Le 10 avril 2019, le journaliste franco-soudanais Rachid Saïd Yacoub a été interviewé sur France 24, à la veille du coup d’Etat militaire ayant destitué le président soudanais Omar Al-Bashir. Yacoub, porte-parole de la commission des affaires étrangères de l’Association des professionnels soudanais – acteur majeur des manifestations dans le pays – a critiqué le président Omar Al-Bashir pour avoir été porté au pouvoir par le mouvement islamique et par les Frères musulmans (FM) et pour avoir transformé l’armée en organe du mouvement islamique.
Yacoub a déclaré qu’Al-Bashir dirigeait le Soudan pour le compte d’une clique au sein de l’institution militaire, qui est liée aux FM. Selon lui, l’objectif le plus important des manifestations en cours est de construire un État soudanais fondé sur la citoyenneté. Il a expliqué que le soulèvement au Soudan était différent de celui du Printemps arabe, car il s’agit d’une révolution dirigée contre les FM et contre les régimes islamiques, tandis que le Printemps arabe a été largement mené par des mouvements islamiques, qui aspiraient à instaurer des régimes islamiques. Il a ajouté : « Nous voulons éliminer ces groupes islamiques. »

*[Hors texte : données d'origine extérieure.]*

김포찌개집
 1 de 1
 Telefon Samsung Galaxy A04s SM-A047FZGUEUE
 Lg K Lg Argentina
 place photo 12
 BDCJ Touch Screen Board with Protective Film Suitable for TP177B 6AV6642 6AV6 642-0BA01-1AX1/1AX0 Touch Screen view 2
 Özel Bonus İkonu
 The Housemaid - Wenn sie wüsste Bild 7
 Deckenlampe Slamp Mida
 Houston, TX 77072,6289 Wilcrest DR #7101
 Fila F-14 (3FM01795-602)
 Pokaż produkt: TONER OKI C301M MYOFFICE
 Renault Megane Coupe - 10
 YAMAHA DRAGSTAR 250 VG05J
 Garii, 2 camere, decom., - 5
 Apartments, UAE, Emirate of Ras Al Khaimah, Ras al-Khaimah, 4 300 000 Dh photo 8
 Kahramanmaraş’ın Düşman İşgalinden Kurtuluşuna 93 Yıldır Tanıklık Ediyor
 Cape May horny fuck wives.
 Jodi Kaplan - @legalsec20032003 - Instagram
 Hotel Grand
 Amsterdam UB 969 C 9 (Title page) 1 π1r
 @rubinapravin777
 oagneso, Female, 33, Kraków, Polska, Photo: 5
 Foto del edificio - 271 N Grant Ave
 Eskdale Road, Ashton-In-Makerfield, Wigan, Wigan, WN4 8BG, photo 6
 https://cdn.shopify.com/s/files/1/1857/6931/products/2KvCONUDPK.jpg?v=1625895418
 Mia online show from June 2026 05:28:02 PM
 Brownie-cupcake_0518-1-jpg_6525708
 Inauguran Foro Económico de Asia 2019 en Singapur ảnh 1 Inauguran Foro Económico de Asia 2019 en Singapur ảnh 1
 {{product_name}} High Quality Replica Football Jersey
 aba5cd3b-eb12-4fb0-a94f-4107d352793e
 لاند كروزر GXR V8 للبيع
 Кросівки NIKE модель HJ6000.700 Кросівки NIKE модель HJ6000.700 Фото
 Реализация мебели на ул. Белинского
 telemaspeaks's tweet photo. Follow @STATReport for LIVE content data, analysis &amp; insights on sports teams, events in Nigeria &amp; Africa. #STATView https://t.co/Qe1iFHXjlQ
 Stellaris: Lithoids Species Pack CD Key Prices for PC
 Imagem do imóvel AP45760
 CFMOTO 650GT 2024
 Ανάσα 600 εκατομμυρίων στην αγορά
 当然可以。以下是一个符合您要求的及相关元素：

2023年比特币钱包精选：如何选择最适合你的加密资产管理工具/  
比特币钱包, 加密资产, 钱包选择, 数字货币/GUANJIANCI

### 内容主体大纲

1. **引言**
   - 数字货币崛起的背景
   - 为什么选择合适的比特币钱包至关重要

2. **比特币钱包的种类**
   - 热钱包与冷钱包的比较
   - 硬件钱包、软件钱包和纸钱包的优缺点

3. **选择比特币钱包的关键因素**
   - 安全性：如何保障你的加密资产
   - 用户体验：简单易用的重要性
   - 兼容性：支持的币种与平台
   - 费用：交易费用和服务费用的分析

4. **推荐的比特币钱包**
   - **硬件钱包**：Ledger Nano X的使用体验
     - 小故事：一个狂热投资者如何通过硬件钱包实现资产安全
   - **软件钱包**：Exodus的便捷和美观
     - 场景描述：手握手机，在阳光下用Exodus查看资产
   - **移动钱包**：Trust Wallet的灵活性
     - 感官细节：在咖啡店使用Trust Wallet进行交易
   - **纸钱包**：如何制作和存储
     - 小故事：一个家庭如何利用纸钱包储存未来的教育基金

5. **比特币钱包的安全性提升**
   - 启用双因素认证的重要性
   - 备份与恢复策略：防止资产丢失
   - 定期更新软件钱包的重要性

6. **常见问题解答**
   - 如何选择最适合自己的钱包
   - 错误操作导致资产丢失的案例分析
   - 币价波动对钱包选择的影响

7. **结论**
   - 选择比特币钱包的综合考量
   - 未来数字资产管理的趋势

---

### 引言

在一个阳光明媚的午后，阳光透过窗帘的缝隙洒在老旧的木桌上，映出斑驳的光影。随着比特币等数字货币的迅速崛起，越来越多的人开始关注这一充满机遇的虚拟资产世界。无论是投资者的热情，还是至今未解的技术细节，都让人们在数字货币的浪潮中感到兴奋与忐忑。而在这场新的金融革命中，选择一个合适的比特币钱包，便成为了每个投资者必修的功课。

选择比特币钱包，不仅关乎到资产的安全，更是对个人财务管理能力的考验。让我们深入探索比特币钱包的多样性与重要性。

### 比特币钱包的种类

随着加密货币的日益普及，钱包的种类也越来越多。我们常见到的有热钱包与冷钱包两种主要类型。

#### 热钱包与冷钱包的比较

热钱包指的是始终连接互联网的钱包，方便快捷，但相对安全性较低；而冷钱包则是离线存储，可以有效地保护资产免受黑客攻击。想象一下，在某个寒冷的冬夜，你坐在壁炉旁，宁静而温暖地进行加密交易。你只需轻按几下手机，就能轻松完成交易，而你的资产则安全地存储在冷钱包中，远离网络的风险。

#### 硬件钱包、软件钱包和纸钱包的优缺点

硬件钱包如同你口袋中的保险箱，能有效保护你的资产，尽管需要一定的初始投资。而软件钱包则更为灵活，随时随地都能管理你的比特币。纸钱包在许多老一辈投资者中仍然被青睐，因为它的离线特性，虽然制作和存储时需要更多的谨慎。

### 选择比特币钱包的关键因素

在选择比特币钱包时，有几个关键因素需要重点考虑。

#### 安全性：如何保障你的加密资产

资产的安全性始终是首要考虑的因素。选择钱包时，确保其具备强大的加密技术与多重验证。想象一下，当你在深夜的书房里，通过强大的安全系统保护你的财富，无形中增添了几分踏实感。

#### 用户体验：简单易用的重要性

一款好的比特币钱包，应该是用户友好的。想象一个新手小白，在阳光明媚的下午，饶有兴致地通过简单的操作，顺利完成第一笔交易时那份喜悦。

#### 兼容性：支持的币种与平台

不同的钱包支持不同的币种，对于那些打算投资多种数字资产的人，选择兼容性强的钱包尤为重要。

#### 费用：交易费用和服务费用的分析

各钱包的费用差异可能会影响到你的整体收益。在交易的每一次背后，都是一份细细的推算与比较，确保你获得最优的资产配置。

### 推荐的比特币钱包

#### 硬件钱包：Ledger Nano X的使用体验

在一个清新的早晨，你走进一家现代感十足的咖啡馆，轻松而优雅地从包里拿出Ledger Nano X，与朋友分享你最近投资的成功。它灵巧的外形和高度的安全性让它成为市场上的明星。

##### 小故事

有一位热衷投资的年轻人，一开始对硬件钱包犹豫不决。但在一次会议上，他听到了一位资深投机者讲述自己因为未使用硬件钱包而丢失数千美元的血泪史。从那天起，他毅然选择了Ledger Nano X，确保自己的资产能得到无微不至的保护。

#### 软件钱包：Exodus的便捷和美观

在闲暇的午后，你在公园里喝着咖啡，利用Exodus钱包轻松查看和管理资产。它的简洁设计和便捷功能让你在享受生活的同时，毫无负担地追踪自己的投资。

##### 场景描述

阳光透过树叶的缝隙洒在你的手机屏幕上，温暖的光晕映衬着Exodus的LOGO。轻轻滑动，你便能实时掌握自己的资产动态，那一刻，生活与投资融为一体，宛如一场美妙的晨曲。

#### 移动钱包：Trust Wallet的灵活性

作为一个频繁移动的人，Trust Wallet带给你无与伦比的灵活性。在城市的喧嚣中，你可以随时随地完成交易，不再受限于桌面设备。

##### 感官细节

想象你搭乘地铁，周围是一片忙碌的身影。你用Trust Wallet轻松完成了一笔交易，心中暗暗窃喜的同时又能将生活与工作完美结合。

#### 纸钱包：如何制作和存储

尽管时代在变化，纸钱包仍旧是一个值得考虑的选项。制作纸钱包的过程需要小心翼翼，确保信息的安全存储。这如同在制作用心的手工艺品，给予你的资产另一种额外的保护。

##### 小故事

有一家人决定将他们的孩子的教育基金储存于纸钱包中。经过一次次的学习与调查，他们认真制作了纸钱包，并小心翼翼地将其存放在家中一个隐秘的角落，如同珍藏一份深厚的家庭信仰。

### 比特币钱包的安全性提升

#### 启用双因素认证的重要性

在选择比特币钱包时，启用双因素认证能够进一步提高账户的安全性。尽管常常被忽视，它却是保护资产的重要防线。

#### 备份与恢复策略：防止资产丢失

Rachid Saïd Yacoub vit en France depuis les années 1990. L’Association des professionnels soudanais est un groupe de coordination composé de 15 syndicats soudanais. Extraits :
Rachid Saïd Yacoub : C’est une erreur de dire qu’Al-Bashir est un général gouvernant au nom de l’armée. Al-Bashir est un général porté au pouvoir par le mouvement islamique. C’est un général islamiste du mouvement des Frères musulmans, qui a pris le pouvoir au nom de l’armée, mais n’a jamais gouverné en son nom. Al-Bashir a nettoyé l’armée de tous les soldats patriotes et l’a transformée en nouvel organe du mouvement islamique. […]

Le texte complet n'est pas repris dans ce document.